Sunday, April 11, 2021
I just wanted to share some great news about one of the bills (SB 5164) that our state’s (Washington) Congress passed and how it affected a man I know called “All Day,” who happens to live directly above me.
People call him All Day because he is doing Life Without Parole (LWOP). He’s a three-striker, meaning if you commit three different strikable crimes/offenses then Washington state law says you’re never leaving this place. All Day is a 46 y/o black man, and he’s been locked up for about 14 years.
Well, I was trying to help All Day convince the Seattle Clemency Project to take up his case for clemency with Governor Jay Inslee but they kept rejecting his case saying he’s not a viable candidate at this time. Clemency is basically a conditional pardoning of someone by the Governor.
One of All Day’s past crimes was a second degree robbery, which the state Congress had previously removed as a strikeable offense but didn’t allow it to apply to guys already in prison who were time-barred.

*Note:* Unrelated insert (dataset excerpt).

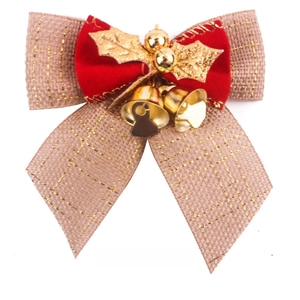 Detail of burlap and velvet Christmas bow with gold leaves and small twin bells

This was grossly unfair.
But recently, in light of racial and social equity movements, Congress decided to take up the issue again. All Day, who’s not keen on law (obviously) and looks at it skeptically, wasn’t even aware that Congress was working on passing SB 5164 to fully remove second degree robbery from the strikeable offense list – and make it apply retroactively.
I caught up with All Day to let him know about SB 5164. Having been let down many times before, he wasn’t too hopeful. But I told him I’ll track the bill for him and monitor its progress through both chambers of Congress. He was appreciative.
To the surprise of several prisoners, Congress recently passed SB 5164 and made it apply retroactively to All Day and others also charged with second degree robbery! I showed All Day the bill and explained it to him, and then I found another guy and worked with him to figure out All Day’s offender score, which determines how much time he’d have to serve based on a set of sentencing grid calculations.
We figured out that All Day will actually be going home when he’s resentenced according to the Bill, i.e., when it’s signed into law by Governor Inslee and goes into effect 90 days thereafter.
The prosecutor will then petition the court to bring All Day into court to adjust his crime and then resentence him to a period of time that is shorter than the amount of time he has already served.
In short (pun intended), All Day will be a free man soon!
I, too, was waiting on a law to pass that could have resulted in my early release, as well as many others. But unfortunately it didn’t get passed out of the House Appropriations Committee.
Nonetheless, I’ve served the bulk of my sentence and will be released next April. I just feel bad that there are so many others who really needed HB 1282 to pass for them.
That’s the nature of our broken criminal justice system. Sometimes it works to the advantage of some, and to the disadvantage of others. But the only time it works is when good people stand up and stick their necks out to ensure justice and equity for others.
For now, I’m just glad that Dwight Russ no longer has to be referred to as All Day, which I’m sure you agree was such an ill-fitting nickname.